### Excerpts from a dataset
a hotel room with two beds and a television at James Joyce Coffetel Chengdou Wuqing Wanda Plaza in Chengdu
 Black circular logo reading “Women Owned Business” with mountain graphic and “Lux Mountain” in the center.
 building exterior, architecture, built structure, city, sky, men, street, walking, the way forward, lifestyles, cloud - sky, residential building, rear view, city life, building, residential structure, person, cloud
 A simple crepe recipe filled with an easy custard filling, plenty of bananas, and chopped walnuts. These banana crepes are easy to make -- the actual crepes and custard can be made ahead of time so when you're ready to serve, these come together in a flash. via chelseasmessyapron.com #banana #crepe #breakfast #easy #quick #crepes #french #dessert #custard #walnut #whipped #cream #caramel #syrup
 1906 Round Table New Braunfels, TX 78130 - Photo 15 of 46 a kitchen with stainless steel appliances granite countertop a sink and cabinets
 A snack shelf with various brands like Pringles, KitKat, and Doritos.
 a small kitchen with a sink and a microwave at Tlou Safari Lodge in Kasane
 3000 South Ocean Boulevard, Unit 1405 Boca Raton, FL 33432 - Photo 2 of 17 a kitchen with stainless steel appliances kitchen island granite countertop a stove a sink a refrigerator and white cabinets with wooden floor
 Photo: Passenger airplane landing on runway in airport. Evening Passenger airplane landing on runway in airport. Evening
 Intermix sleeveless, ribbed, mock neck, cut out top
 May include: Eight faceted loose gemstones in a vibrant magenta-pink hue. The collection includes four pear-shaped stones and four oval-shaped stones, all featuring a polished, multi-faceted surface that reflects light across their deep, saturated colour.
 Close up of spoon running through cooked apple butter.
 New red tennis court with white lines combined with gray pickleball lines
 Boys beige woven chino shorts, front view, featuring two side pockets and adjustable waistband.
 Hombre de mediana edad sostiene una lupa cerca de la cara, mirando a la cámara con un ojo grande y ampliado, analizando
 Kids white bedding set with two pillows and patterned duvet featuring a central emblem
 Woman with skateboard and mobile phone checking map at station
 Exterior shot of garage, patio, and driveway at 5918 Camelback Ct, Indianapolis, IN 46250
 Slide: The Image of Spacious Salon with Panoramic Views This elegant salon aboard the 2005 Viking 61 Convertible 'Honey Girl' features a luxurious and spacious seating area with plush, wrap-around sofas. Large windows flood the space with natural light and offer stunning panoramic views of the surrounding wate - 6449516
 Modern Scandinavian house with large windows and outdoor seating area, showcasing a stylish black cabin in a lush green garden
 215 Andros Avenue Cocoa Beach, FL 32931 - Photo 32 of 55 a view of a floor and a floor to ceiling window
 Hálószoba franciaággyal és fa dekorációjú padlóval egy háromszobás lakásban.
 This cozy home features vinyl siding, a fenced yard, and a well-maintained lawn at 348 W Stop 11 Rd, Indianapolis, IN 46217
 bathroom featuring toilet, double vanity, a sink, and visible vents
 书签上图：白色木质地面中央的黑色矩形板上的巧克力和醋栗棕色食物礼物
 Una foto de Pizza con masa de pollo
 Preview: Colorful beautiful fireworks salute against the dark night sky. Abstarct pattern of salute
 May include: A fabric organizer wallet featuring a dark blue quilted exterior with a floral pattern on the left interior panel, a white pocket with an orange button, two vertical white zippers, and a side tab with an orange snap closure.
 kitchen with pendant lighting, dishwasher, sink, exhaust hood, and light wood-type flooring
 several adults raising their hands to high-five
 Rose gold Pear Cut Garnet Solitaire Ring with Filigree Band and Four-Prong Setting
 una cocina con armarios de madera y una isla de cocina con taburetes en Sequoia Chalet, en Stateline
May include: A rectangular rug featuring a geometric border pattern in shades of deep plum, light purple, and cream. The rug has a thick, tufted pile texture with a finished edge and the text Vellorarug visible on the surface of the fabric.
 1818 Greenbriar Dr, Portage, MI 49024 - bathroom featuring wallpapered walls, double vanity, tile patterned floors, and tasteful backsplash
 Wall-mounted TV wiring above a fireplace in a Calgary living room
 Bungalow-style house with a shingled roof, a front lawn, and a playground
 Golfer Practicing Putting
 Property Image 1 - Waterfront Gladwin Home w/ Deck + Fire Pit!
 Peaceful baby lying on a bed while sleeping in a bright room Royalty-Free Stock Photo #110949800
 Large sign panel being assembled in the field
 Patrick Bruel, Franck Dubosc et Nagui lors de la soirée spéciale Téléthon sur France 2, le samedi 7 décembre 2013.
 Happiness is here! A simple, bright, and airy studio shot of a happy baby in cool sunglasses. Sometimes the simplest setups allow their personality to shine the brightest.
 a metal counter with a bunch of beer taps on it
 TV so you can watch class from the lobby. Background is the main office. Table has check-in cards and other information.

### TASK INSTRUCTIONS
Pull out every line above that holds the word "bright".

### EXERCISE ANSWER
 Peaceful baby lying on a bed while sleeping in a bright room Royalty-Free Stock Photo #110949800
 Happiness is here! A simple, bright, and airy studio shot of a happy baby in cool sunglasses. Sometimes the simplest setups allow their personality to shine the brightest.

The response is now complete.